Statistik mencatat, pada tahun 2016, ada 8 daerah pemilihan yang hanya diikuti oleh satu pasang calon saja. Persoalan yang sama terus berlanjut pada pelaksanaan pilkada serentak yang dilaksanakan pada tahun 2017. Dari data yang dipublish oleh KPU RI, setidaknya ada 9 daerah yang hanya akan diikuti oleh satu calon saja (calon tunggal). Persoalan ini kemudian menjadi realitas pemilihan umum di tingkat lokal sekaligus menjadi ancaman serius demokrasi di Indonesia.
Persoalan calon tunggal sempat semakin meruncing ketika dari sisi normatif tidak ada aturan yang mengatur tentang pilkada dengan calon tunggal, hingga pada ahkirnya kepastian hukum dapat terpenuhi melalui keputusan Mahkamah Konstitusi (MK) yang tertuang dalam putusan perkara Nomor 100/PUU-XIII/2015 tertanggal 29 September 2015.

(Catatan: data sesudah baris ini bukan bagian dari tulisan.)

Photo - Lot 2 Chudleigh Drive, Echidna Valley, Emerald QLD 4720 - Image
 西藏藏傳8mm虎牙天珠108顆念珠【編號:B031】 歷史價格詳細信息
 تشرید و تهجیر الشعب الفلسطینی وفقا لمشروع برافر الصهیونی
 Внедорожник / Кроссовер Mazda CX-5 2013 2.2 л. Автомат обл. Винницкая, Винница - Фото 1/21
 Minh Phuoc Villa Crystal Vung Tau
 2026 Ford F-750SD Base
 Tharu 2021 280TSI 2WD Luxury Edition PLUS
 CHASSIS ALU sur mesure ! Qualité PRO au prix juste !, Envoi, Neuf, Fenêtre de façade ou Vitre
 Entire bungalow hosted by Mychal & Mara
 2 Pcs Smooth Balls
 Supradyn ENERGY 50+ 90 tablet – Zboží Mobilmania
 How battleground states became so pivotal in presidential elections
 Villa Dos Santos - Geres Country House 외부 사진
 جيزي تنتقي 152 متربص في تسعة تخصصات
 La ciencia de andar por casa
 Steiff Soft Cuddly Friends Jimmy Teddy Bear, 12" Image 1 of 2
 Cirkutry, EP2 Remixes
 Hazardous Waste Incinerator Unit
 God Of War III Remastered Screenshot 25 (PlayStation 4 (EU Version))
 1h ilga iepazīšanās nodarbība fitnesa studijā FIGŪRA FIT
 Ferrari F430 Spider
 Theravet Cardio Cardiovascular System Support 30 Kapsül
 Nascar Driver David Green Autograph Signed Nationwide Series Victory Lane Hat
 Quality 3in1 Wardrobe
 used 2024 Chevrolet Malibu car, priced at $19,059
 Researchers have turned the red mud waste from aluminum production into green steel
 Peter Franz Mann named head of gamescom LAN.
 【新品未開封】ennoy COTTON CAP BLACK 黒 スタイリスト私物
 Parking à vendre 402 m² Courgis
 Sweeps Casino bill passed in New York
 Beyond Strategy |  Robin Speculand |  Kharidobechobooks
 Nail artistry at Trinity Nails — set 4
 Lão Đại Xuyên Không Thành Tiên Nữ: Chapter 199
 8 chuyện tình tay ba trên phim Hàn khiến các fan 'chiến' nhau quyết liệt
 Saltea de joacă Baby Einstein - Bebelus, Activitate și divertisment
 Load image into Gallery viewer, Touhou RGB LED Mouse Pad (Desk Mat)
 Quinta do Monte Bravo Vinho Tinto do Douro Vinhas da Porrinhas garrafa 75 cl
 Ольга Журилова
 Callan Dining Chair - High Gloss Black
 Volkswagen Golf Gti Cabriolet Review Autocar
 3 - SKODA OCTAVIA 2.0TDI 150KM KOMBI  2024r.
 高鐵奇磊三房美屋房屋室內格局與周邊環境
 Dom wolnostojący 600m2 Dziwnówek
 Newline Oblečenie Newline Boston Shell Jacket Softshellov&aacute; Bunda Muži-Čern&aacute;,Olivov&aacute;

Dalam amar putusannya, MK menyatakan mengabulkan sebagian permohonan Pemohon dan menyatakan Pasal 49 ayat (9), Pasal 50 ayat (9), Pasal 51 ayat (2), 52 ayat (2), Undang-undang Nomor 8 Tahun 2015 tentang Perubahan Atas Undang-Undang Nomor 1 Tahun 2015 tentang Penetapan Peraturan Pemerintah Pengganti Undang-Undang Nomor 1 Tahun 2014 tentang Pemilihan Gubernur, Bupati, Dan Walikota Menjadi Undang-Undang bertentangan dengan Undang-Undang Dasar Negara Republik Indonesia Tahun 1945 sepanjang tidak dimaknai mencakup pengertian; “termasuk menetapkan 1 (satu) pasangan Calon Gubernur dan Calon Wakil Gubernur peserta Pemilihan dalam hal setelah jangka waktu 3 (tiga) hari dimaksud terlampaui namun tetap hanya ada 1 (satu) pasangan Calon Gubernur dan Calon Wakil Gubernur”.